--- Data shown ---
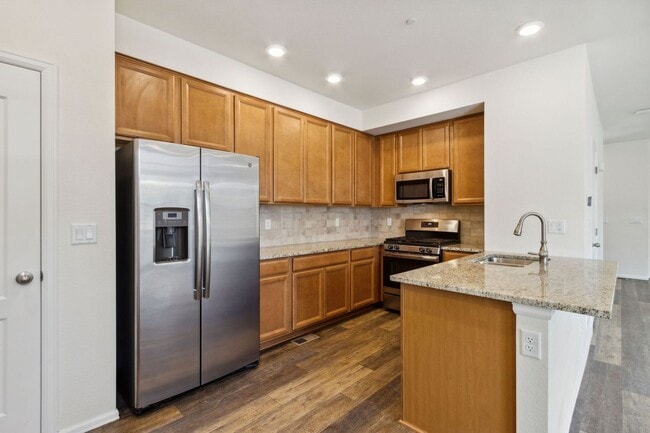 Building Photo - Fort Collins Lifestyle Exemplified by this 2 Bed, 2.5 Bath Paired Home!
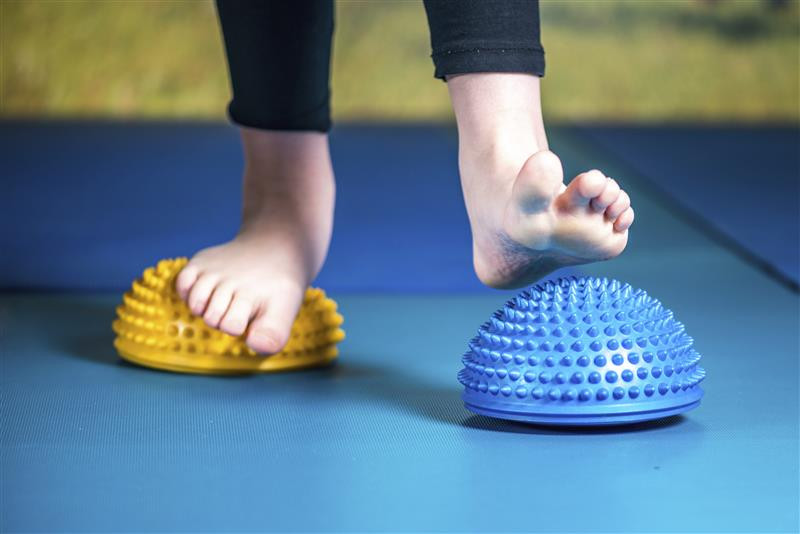 Ved plattfot står hælen ut lateralt, og en stram leggmuskel bidrar ofte til å plantarflektere calcaneus og dra hælen ut i…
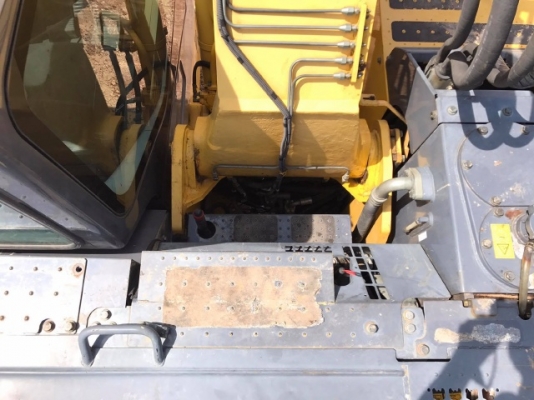 ขายรถแบคโฮ KOMATSU PC228US-3E0 (เทียบเท่ารุ่น 8) ปี 2008 รถนอกนำเข้าจากญี่ปุ่น มีVDOการทำงานครับ ขายรถแบคโฮ KOMATSU PC228US-3E0 (เทียบเท่ารุ่น 8) ปี 2008 รถนอกนำเข้าจากญี่ปุ่น มีVDOการทำงานครับ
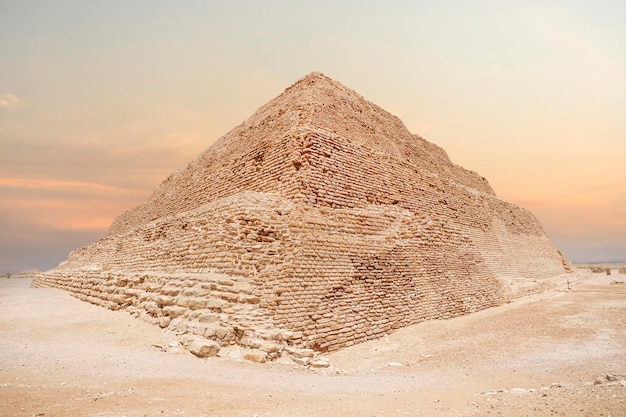 La piramide a gradoni di Saqqara è il più antico grande edificio in pietra sopravvissuto al mondo Costruito dall'architetto Imhotep a Saqqara per la sepoltura del faraone Djoser intorno al 2650 a.C.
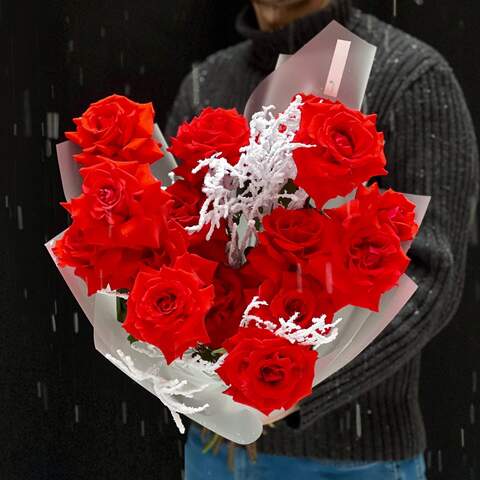 15 выкрученных роз в букете «Зимний костёр», Цветы: Роза, Заснеженные веточки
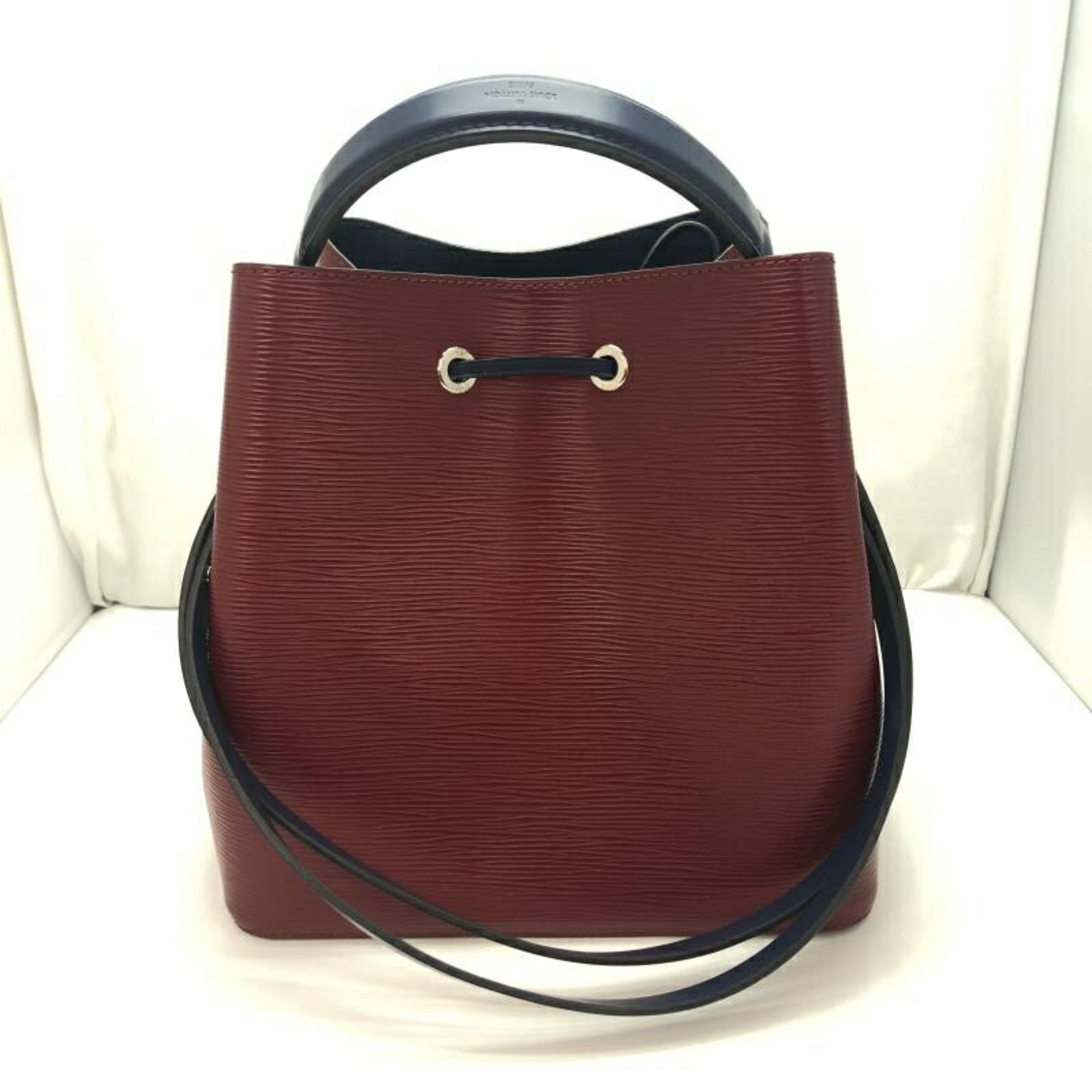 Louis Vuitton Epi Cherry Epi Leather Handbag (Pre-Owned)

--- Problem description ---
The lines from the one holding "รถนอกนำเข้าจากญี่ปุ่น มีVDOการทำงานครับ ขายรถแบคโฮ" through the end of the material above are to be echoed exactly, both ends included. Do not include pictures.

--- Task output ---
 ขายรถแบคโฮ KOMATSU PC228US-3E0 (เทียบเท่ารุ่น 8) ปี 2008 รถนอกนำเข้าจากญี่ปุ่น มีVDOการทำงานครับ ขายรถแบคโฮ KOMATSU PC228US-3E0 (เทียบเท่ารุ่น 8) ปี 2008 รถนอกนำเข้าจากญี่ปุ่น มีVDOการทำงานครับ
 La piramide a gradoni di Saqqara è il più antico grande edificio in pietra sopravvissuto al mondo Costruito dall'architetto Imhotep a Saqqara per la sepoltura del faraone Djoser intorno al 2650 a.C.
 15 выкрученных роз в букете «Зимний костёр», Цветы: Роза, Заснеженные веточки
 Louis Vuitton Epi Cherry Epi Leather Handbag (Pre-Owned)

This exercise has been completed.